All posts

Mocking and Stubbing in MCP App Tests: Simulations, Fixtures, and Patterns

Abe Wheeler
MCP Apps MCP App Testing MCP App Framework ChatGPT Apps ChatGPT App Testing Claude Connectors Claude Connector Testing Claude Connector Framework
Testing MCP Apps with mocks, stubs, and simulation files.

Testing MCP Apps with mocks, stubs, and simulation files.

Testing MCP Apps means testing across multiple layers: the host runtime (ChatGPT or Claude), the MCP protocol, your tool handlers, your resource components, and whatever external APIs your tools call. Each layer needs its own mocking strategy. If you mock at the wrong level, your tests either take forever or miss real bugs.

TL;DR: Use simulation files for deterministic e2e states, vi.mock("sunpeak") for unit testing resource components, vi.mock() on your API modules for tool handler tests, and the inspector fixture from sunpeak/test for full e2e tests that mock the host runtime. All of this runs locally and in CI without paid accounts.

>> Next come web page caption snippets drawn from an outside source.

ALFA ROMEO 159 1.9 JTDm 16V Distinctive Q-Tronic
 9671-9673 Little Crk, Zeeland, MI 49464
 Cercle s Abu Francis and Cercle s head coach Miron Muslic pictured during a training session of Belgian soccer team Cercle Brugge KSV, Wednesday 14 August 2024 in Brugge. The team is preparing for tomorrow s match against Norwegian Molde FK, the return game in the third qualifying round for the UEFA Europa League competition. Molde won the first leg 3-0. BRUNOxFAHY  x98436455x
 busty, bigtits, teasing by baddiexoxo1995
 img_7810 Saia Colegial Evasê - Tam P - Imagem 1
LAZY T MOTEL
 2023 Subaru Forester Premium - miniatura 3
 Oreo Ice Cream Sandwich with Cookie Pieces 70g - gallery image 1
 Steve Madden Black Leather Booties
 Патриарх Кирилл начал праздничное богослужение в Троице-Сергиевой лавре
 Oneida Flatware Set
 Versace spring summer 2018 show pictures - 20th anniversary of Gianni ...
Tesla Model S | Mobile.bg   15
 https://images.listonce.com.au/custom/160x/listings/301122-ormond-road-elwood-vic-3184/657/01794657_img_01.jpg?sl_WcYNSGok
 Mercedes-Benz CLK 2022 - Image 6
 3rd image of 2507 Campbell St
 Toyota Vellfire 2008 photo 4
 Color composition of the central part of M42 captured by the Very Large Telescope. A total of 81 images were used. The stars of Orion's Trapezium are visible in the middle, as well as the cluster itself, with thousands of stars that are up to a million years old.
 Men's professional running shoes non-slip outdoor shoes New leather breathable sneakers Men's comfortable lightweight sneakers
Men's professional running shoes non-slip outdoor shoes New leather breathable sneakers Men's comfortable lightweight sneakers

The Four Layers You Need to Mock

An MCP App has four layers that interact during a tool call, and each one needs a different mocking approach:

  1. Host runtime (ChatGPT or Claude renders your resource component in an iframe)
  2. MCP protocol (the host calls your tool, your tool returns structured content)
  3. Tool handler (your server-side function that processes arguments and calls APIs)
  4. External services (databases, third-party APIs, your own backend)

Testing all four layers together against real hosts is slow, expensive, and flaky. Mocking lets you isolate each layer and test it independently.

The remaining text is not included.